■ **Problem details**
Repeat exactly, and only, the lines from the line bearing "[EYE잘보여] 진균 각막염(Fungal" through the end of the material. Do not copy the pictures.

******************************

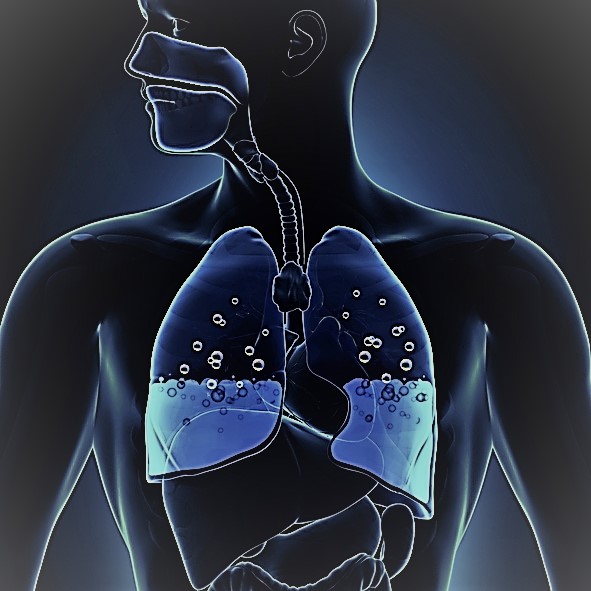 Com edema pulmonar grave, ouve-se gorgolejo e rouquidão. Fonte da foto: Getty Images Representação esquemática dos pulmões com inchaço, água no meio dos pulmões, vias respiratórias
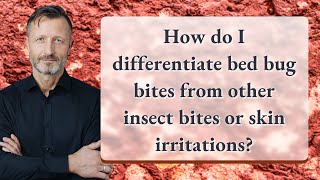How do I differentiate bed bug bites from other insect bites or skin irritations?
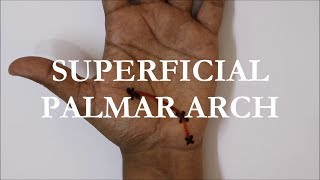 Surface marking of Superficial Palmar Arch [upl. by Forest]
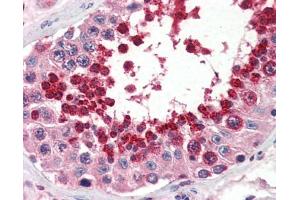 Immunohistochemistry (IHC) image for anti-Glutathione Peroxidase 4 (GPX4) (Middle Region) antibody (ABIN2787700)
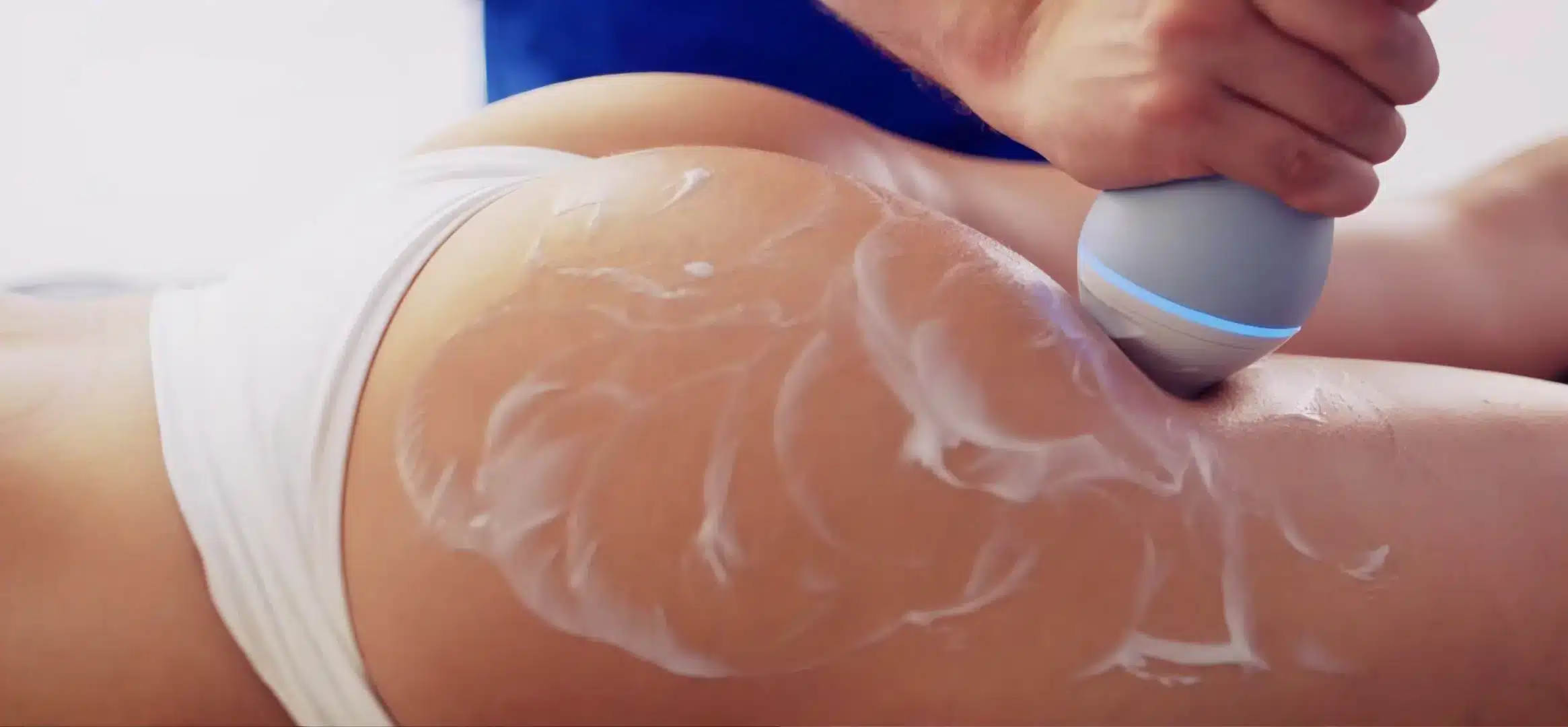 Κυτταρίτιδα - Αντιμετώπιση με EMTONE® 3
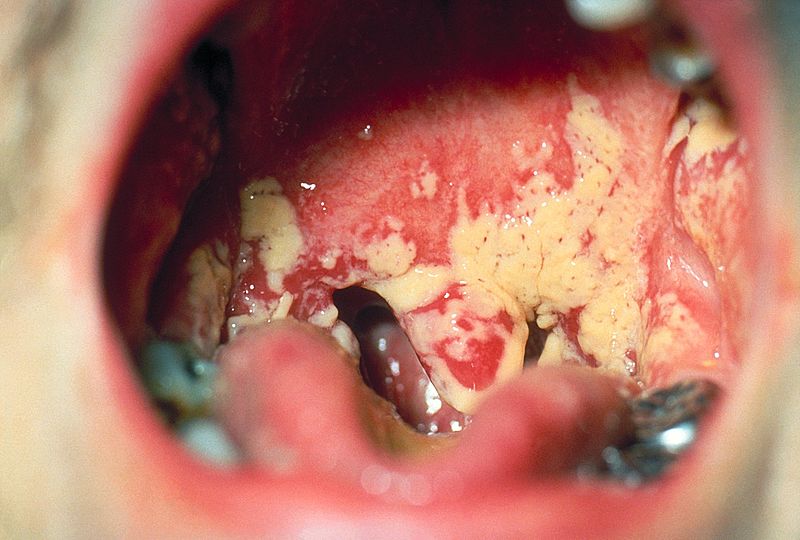 Oral Candidiasis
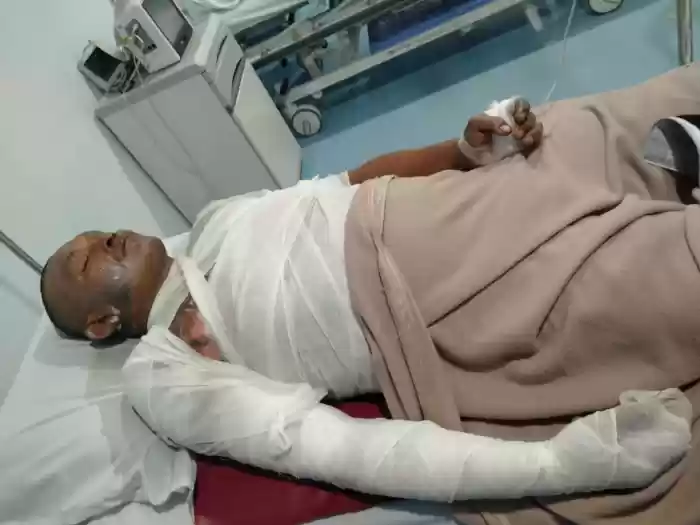 Ahmad Nyaris Tewas Dibakar Teman, Gara - Gara Laraikan Pertengkaran
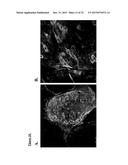 PANCREATIC INSULIN-PRODUCING BETA-CELL LINES DERIVED FROM HUMAN     PLURIPOTENT STEM CELLS diagram and image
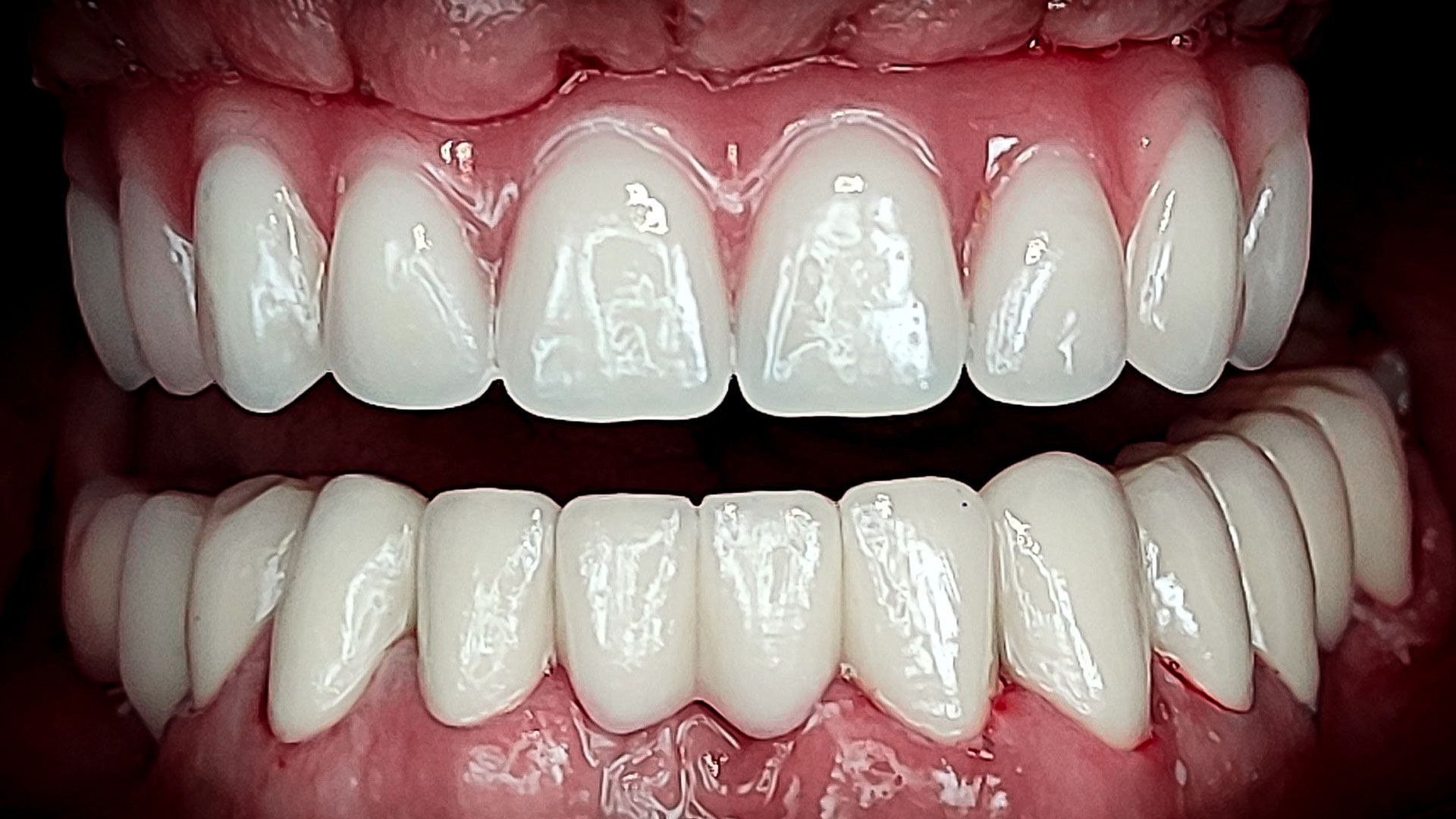 Impianto dentale prezzi - 300€ in Croazia, dopo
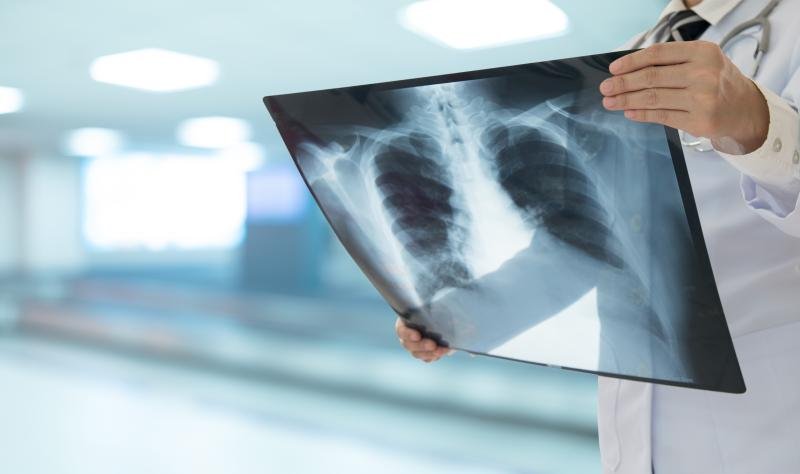More than 1 in 5 new TB cases in Europe are missed, analysis finds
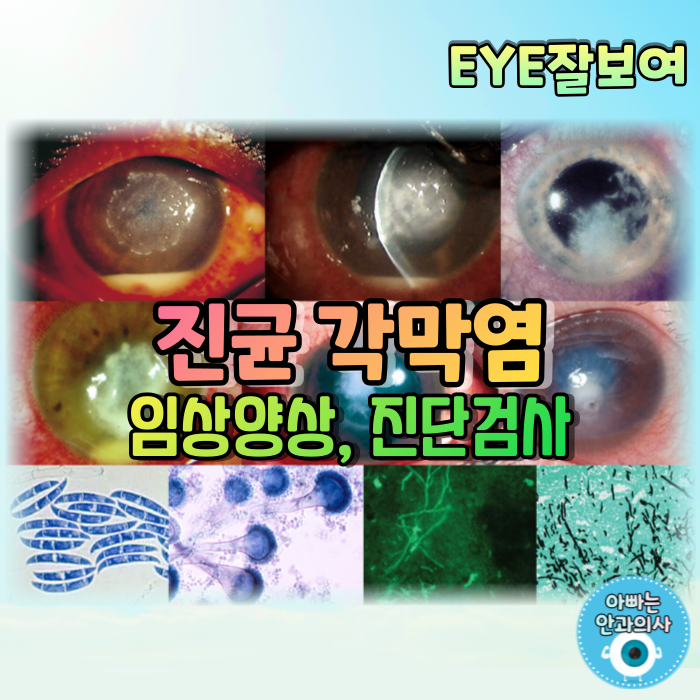 [EYE잘보여] 진균 각막염(Fungal Keratitis) (2) - 임상양상, 증상, 진단검사, 염색검사, 배양검사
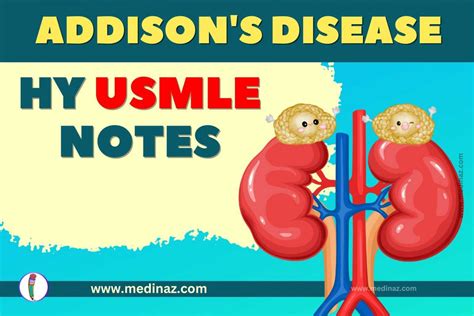 Addison S Disease Usmle Notes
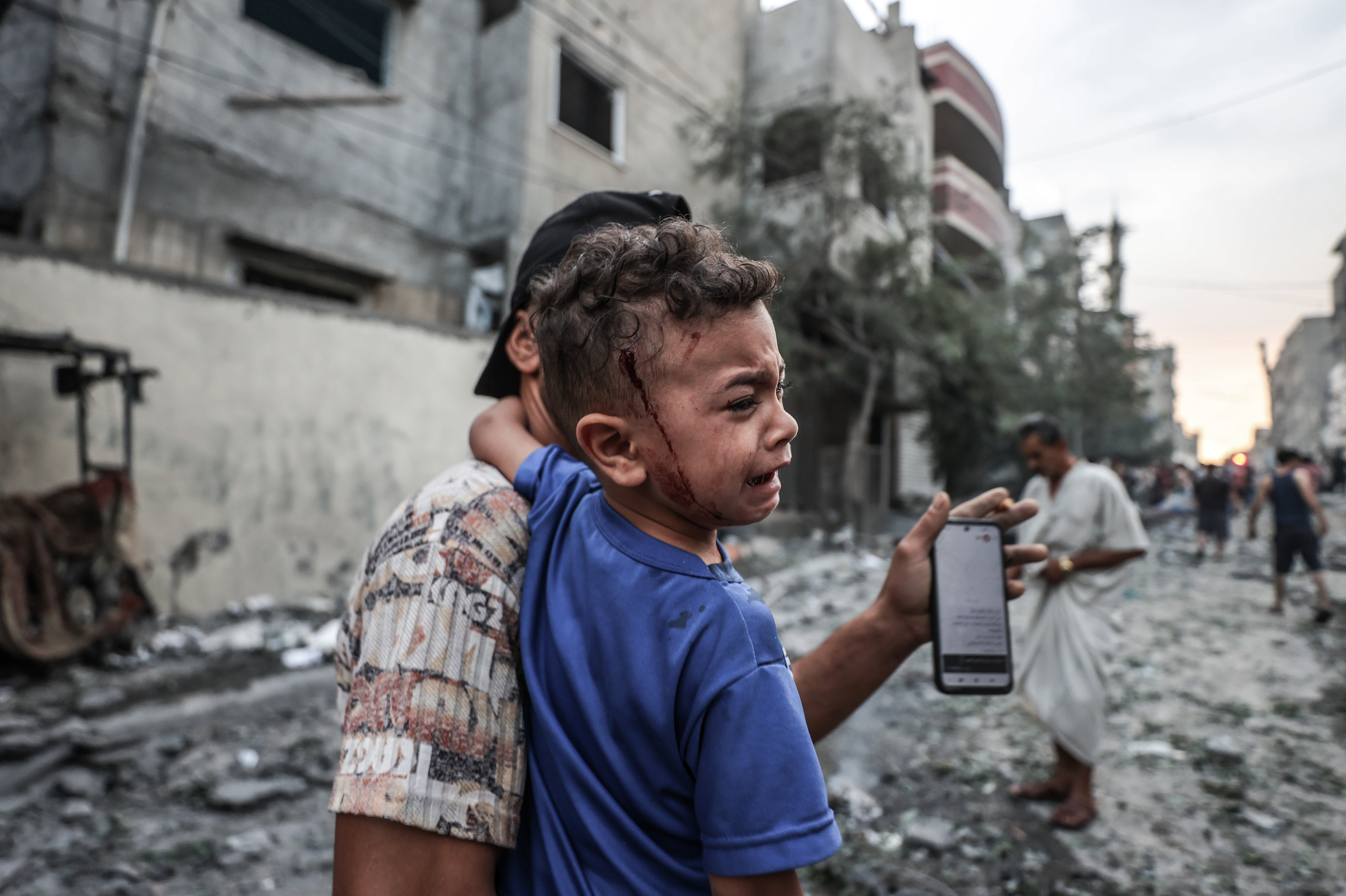 Mon., Oct. 9: An injured Palestinian kid is seen after Israeli airstrikes at al-Shati refugee camp in Gaza Strip.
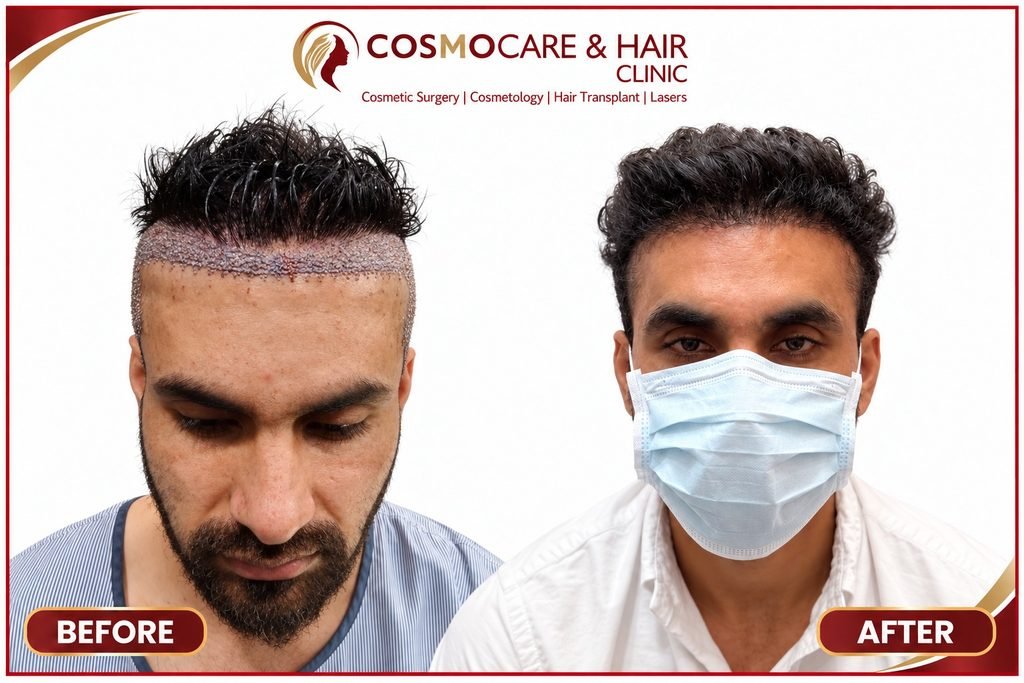 Hair Transplant Result Look Natural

******************************

■ **Response area**
 [EYE잘보여] 진균 각막염(Fungal Keratitis) (2) - 임상양상, 증상, 진단검사, 염색검사, 배양검사
 Addison S Disease Usmle Notes
 Mon., Oct. 9: An injured Palestinian kid is seen after Israeli airstrikes at al-Shati refugee camp in Gaza Strip.
 Hair Transplant Result Look Natural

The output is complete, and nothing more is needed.